I first heard about this poem while I was watching my friend’s band play at a local pub. He’s a crafty lyricist and had a song called “Innisfree” in the setlist, and that struck my curiosity, so of course I had to go find out what it meant (and I’m happy I did)! It turns out that I really enjoy Yeats’s work (much preference to “The Second Coming”), and there is something in his writing that makes me think both socially and emotionally while reading (sign of a good writer, I say).

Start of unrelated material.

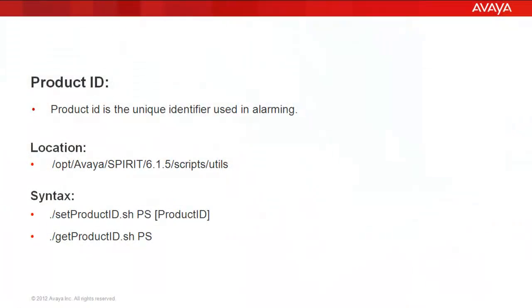Product ID is a unique identifier used for alarming and we get the product ID in presence when we register the presence setup with the sale interface, and then we have to set that product ID with the presence setup so that it can send the alarms to the Avaya data center.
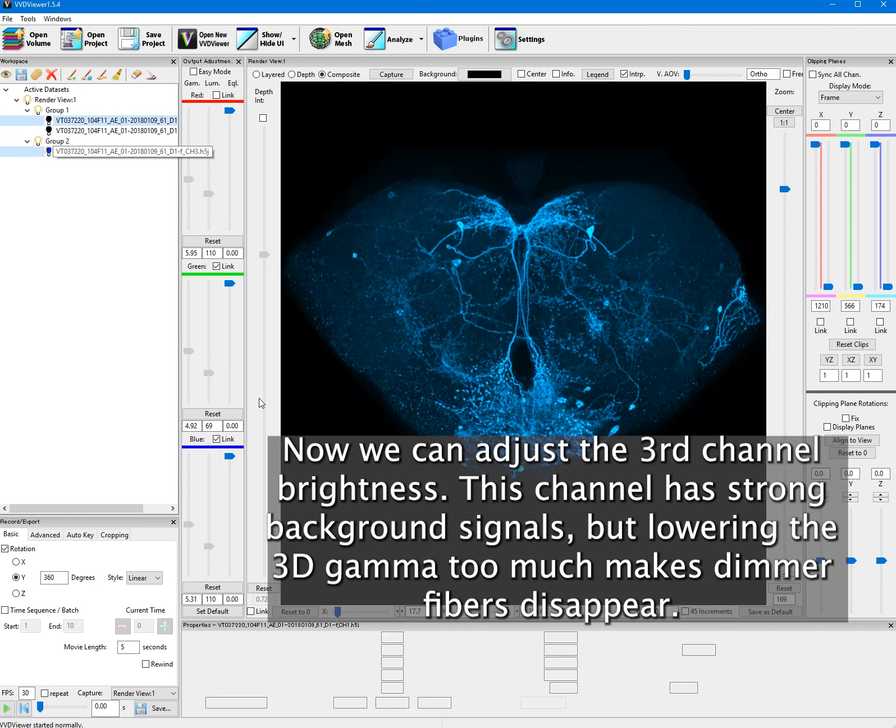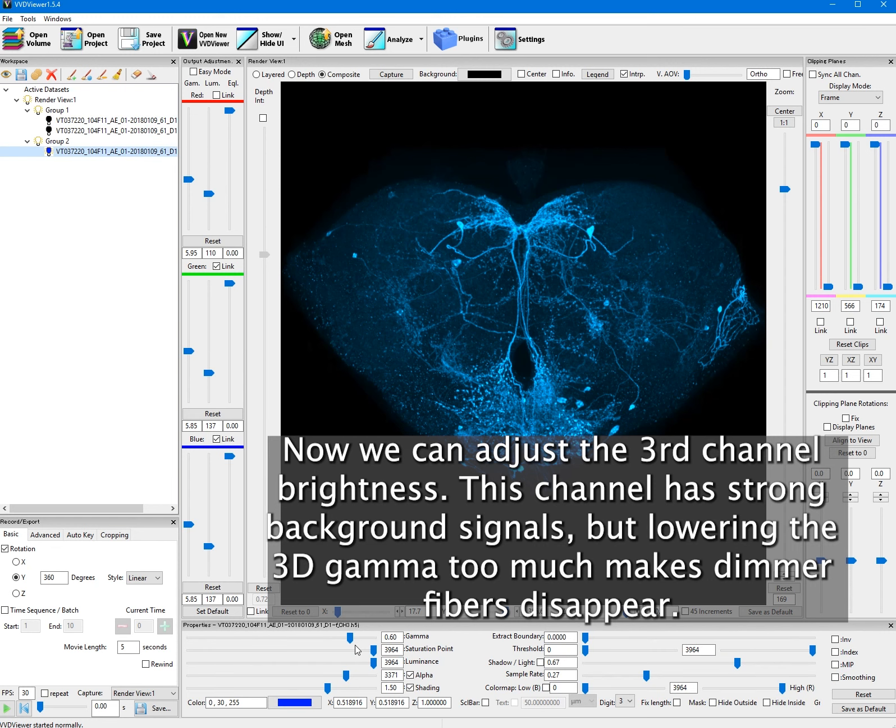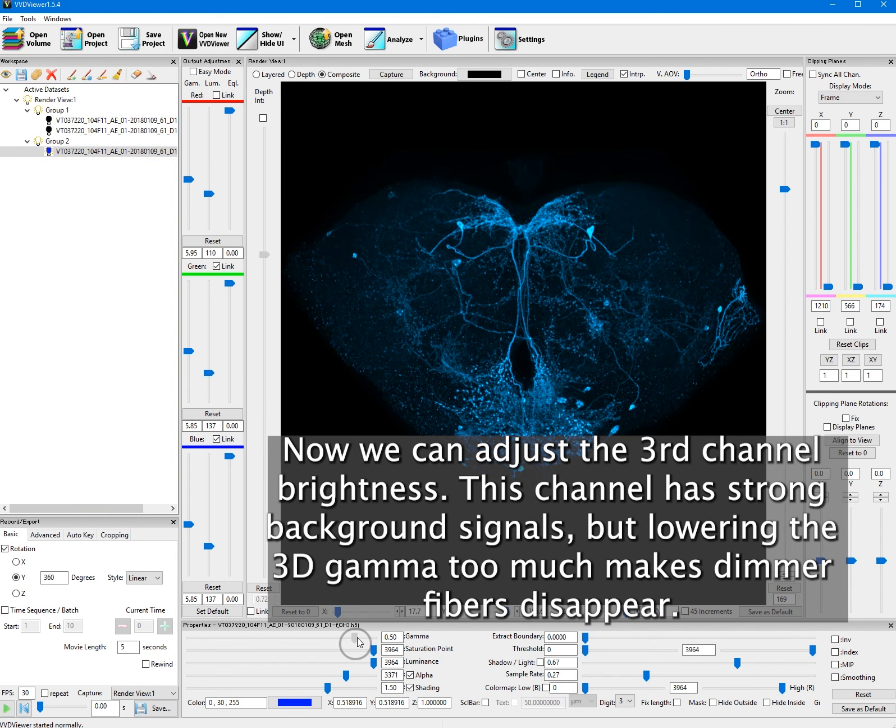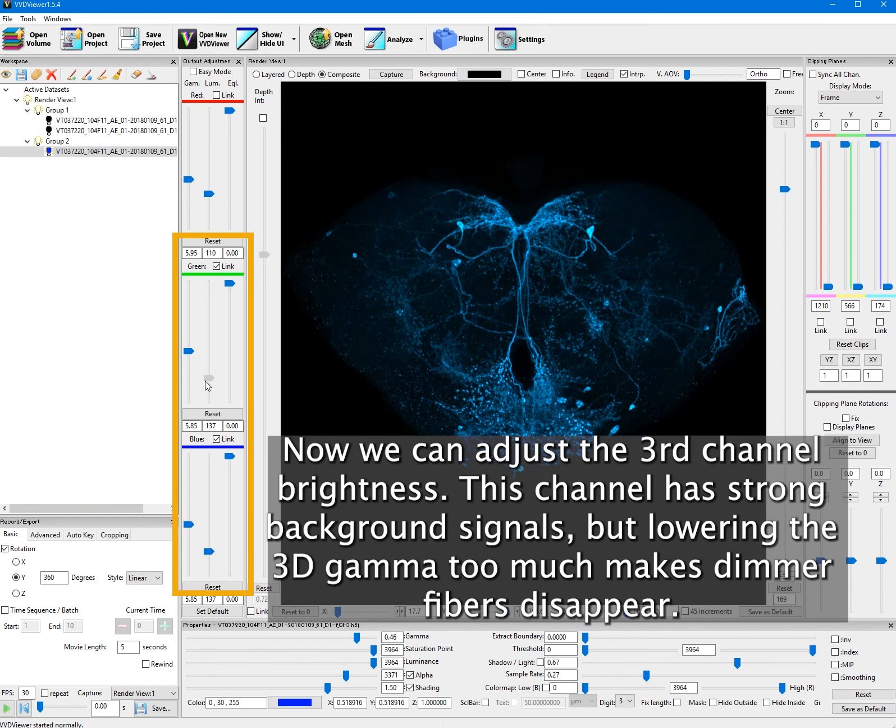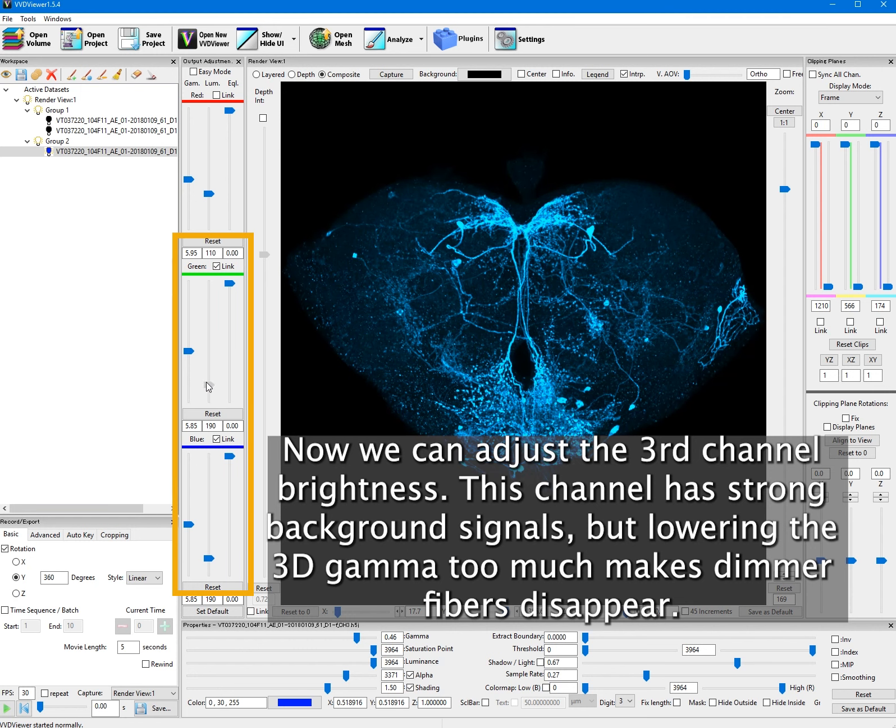Now we can adjust the third channel brightness. This channel has strong background signals, but lowering the 3D gamma too much makes dimmer fibers disappear.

Anyway, this poem is of course about Innisfree, a place that has some meaning to Yeats (perhaps an idealization of his youth) and was published in Yeats’ second book of poems Rose. It has an ABAB rhyme scheme and it is written in hexameter (six stresses per line) until it switches to tetrameter (four stresses per line) in the last line of each stanza. I think it’s a remarkable poem that conjures up fantastic imagery and beauty, so enjoy!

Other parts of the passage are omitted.